### EXERCISE BRIEF
Give the listing again word for word. Skip the pictures.

··· INFORMATION PROVIDED ···

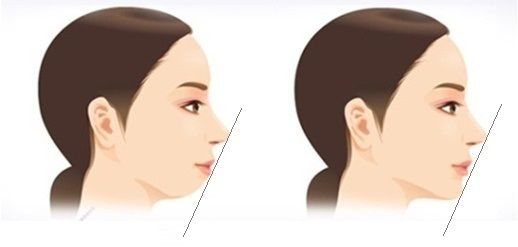 Xem tướng cằm có thể đoán biết ngay số mệnh giàu nghèo của một người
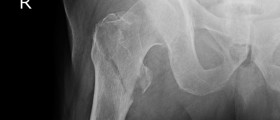 Osteoporosis And Broken Bones: What Can You Expect From Hip Fractures?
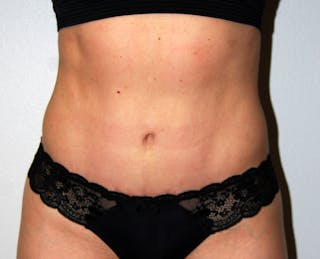 Abdominoplasty Before & After Gallery - Patient 332059 - Image 2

···

### RESPONSE AREA
 Xem tướng cằm có thể đoán biết ngay số mệnh giàu nghèo của một người
 Osteoporosis And Broken Bones: What Can You Expect From Hip Fractures?
 Abdominoplasty Before & After Gallery - Patient 332059 - Image 2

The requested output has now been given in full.